Conclusions and perspectives

HIV-1 has been analysed by structural biology techniques more than any other virus, with partial or complete structures known for all 15 of its protein components and additional structures determined for substrate- and host factor-bound complexes. Structural biology will continue to have a significant impact on HIV/AIDS research by providing high-resolution glimpses of target protein–drug complexes and virus–host interactions, such as CA–TRIM5α, Vif–APOBEC3G or Vpu–tetherin, and this will reveal novel druggable sites. Despite decades of research, the interactions between HIV-1 and host proteins that underlie some steps in the viral life cycle — for example, import of the pre-integration complex into the nucleus (Fig. 1, step 5) — are only now being illuminated. The simian immunodeficiency virus Vpx protein was recently shown to counteract SAMHD1, the restriction factor that inhibits HIV-1 reverse transcription and infection of monocytic cells160,161, indicating that these protein complexes could also define new paradigms for antiviral drug development.

Further to the ongoing work with PR inhibitors, it will be interesting to see whether structure-based substrate–inhibitor envelope hypotheses will apply to the development of other HIV-1 inhibitors. Because NNRTIs form induced-fit binding pockets, they would appear to be poor candidates for this technique. The tight overlay of multiple bound drugs at the IN active site and the similarities in drug positions with the ejected terminal adenosine base88 hint that INSTIs could be another drug class to benefit from such approaches. Three-dimensional structures of new drug targets as well as inhibitor- or antibody-bound targets will predictably increase the pace of antiviral development and help guide vaccine development efforts162,163. The advent of new technologies and improvements in existing methods will also significantly influence structural virology. Single-particle electron cryo-microscopy has recently yielded near atomic-resolution structures of a number of so-called naked viruses, which, unlike HIV-1, lack an exterior envelope lipid bilayer164. Although the icosahedral symmetry underlying these structures greatly facilitated their determination, ongoing improvements in instrumentation and computational science may well yield similar resolution structures for particles that possess less inherent symmetry.

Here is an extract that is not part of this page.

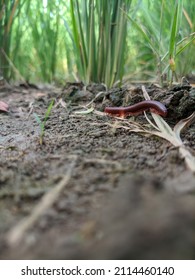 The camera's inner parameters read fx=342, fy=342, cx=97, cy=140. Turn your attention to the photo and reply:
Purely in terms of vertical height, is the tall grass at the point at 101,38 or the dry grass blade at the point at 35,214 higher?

The development of HAART has dramatically changed the face of the HIV/AIDS epidemic since the disease was first recognized 30 years ago. Considered virtually a death sentence before the advent of antiretroviral drugs, HIV-1 infection is now a manageable chronic disease. Nonetheless, despite these remarkable advances, there remains significant room for improvement. Some of the drugs, in particular the PR inhibitors, exert toxic side effects. More tolerable antiviral regimens could improve patient compliance and consequently reduce the emergence of resistant strains. Although the recently approved INSTI raltegravir is relatively non-toxic, the ease by which it selects for drug-resistant strains highlights the need for second-generation INSTIs with more favourable genetic barriers to resistance. The development of compounds that inhibit functions of less explored drug targets, in particular of the accessory HIV-1 proteins and host factors, would clearly also be of benefit. The availability and efficacy of the current arsenal of antiretroviral drugs should not be taken for granted. It is important to bear in mind that the majority of people infected with HIV do not have access to advanced treatment options. Short of an effective vaccination strategy, the ongoing race against drug resistance can best be won by a sustained effort to develop novel, ever more potent and affordable antiviral treatments.